El jardinero habla de las flores que cuida y cultiva. Eso es lo que ha hecho Benedicto XVI durante toda su vida, incluso cuando habló de sí mismo. No llegó a la Santa Sede para resolver problemas, aunque resolvió muchos, ni para decirnos lo que teníamos que hacer, como se esperaría de un clérigo. Quien lea atento sus mensajes no encontrará un ápice de moralismo.
Trabajó para cumplir la misión que le encomendó Cristo: cuidar de su rebaño y buscar a la oveja perdida. En ese sentido no ha cejado de construir puentes con todos los hombres, especialmente ha sido elocuente su diálogo con la modernidad. Se ha dicho de él que «es uno de los excepcionales casos en que las respuestas se transforman en preguntas y las preguntas en camino de asombro donde el amor y la fe no tienen límites». Sin duda su legado es enorme y necesitaremos tiempo para asimilarlo. Comprender e incluir ha sido su modo de relacionarse con hombres de diferentes credos, mostrando una confianza en la razón y el corazón del hombre desafiantes. Nos ha mostrado a todos que piensa lo que dice y dice lo que piensa.
Cuando llegó a la cátedra de san Pedro, se definió como un «trabajador de la viña del Señor» y se marchó diciendo que él no es dueño de la Iglesia, que «la Iglesia es de Cristo». Pero que su «sí» al Creador es «por siempre y para siempre». Dijo explícitamente, cuando dimitió en 2013, que era por «el bien de la Iglesia» y no se despidió como un líder mundial, aunque el mundo se lo reconoció, sino como un padre que quiere el bien de los hijos; tampoco escondió su debilidad física de anciano de 85 años que le llevó a dejar de ser el Pontífice de la Iglesia católica.
«Que el Misterio de la Encarnación siga presente para siempre; Cristo continúa caminando a través de todo tiempo y lugar». Así se despedía Benedicto XVI mientras caminaba inseguro y con pasos cortos, pero fuerte en su debilidad. Su límite y desgaste físico, como hemos visto en los últimos diez años de su vida, no le han impedido ser una presencia que ha llenado de esperanza y certeza «el inicio de algo nuevo» que está llegando.
La primera victoria del Papa alemán ha sido sin duda su persona, el camino que ha hecho como hombre de fe de nuestro tiempo. Por eso escribió que «a lo largo del curso de nuestra vida queda un camino, y por eso la fe siempre está amenazada y en peligro; conviene evitar el riesgo de transformarla en una ideología manipulable. A riesgo de endurecernos y hacernos incapaces de compartir la reflexión y el sufrimiento con el hermano que duda y se cuestiona. La fe solo puede madurar en la medida en que soporte y se haga cargo de la angustia y la fuerza de la incredulidad en cada etapa de la existencia y finalmente la atraviese para volver a ser viable y nueva».

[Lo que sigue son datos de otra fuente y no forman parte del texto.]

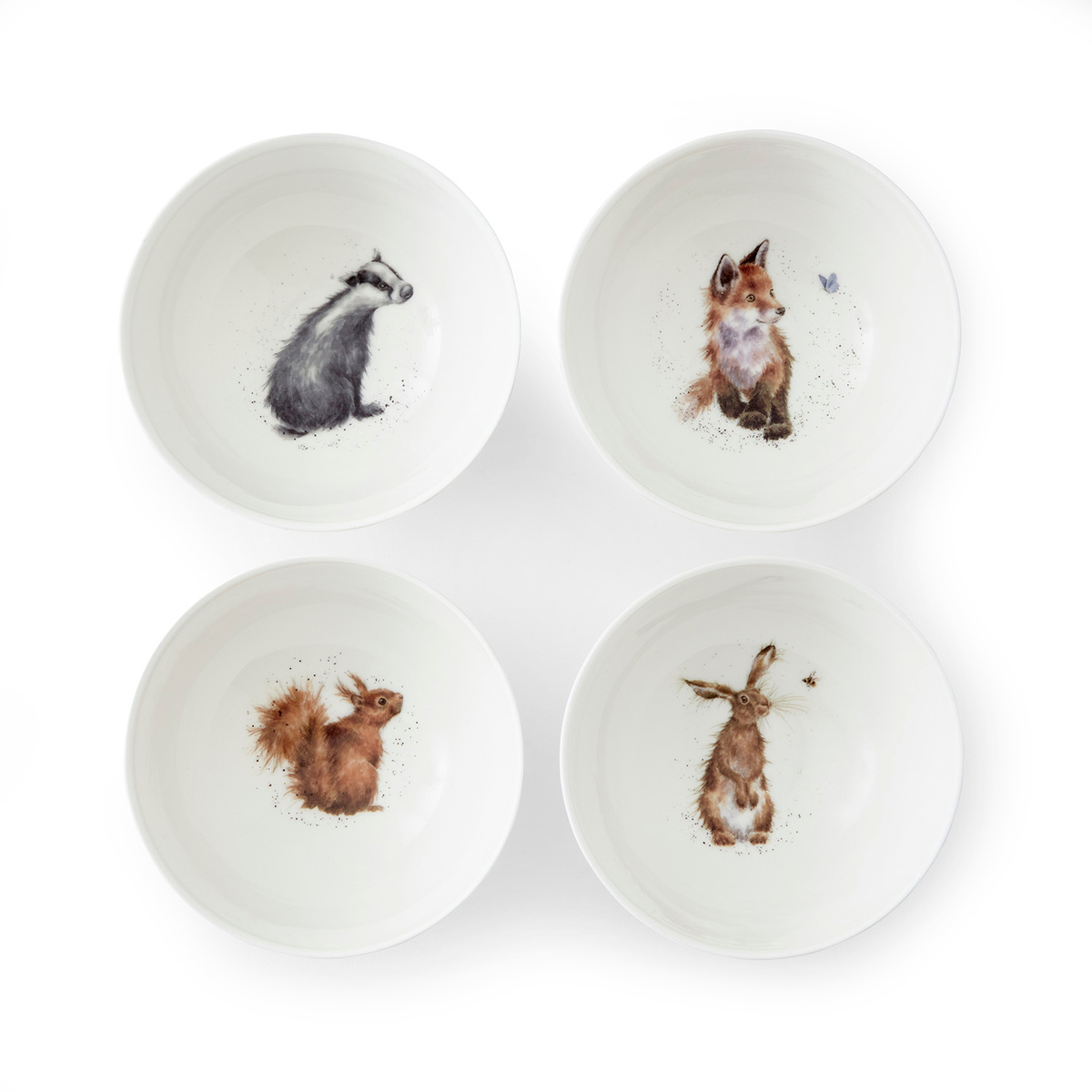 Wrendale Designs Deep Bowls S/4 Assorted. (Badger, Hare, Squirrel, Fox) image number null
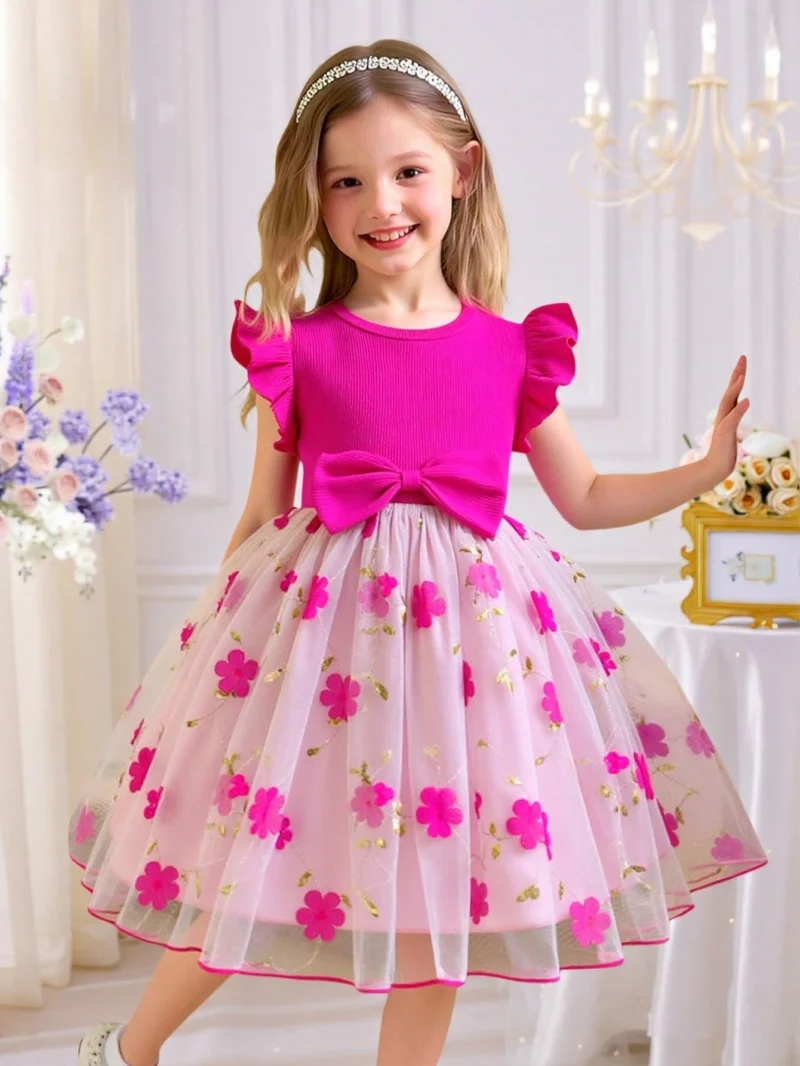 Vestido Rosa Fucsia Con Bordado Floral Para Niña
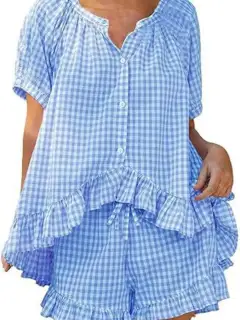Refined Ruffled Top and Shorts Matching Set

El papa Ratzinger se dirigió por última vez a todos los hombres como Papa reinante desde el balcón de Castelgandolfo donde se retiró por un tiempo, hablando como un hombre a otros hombres, hablando de corazón a corazón, y muchos le han entendido. En aquella hora se definió como un «peregrino al final de su camino». Siempre emigrando de una ciudad a otra en busca de la patria definitiva cargando con su tesoro, «donde hay Dios hay futuro».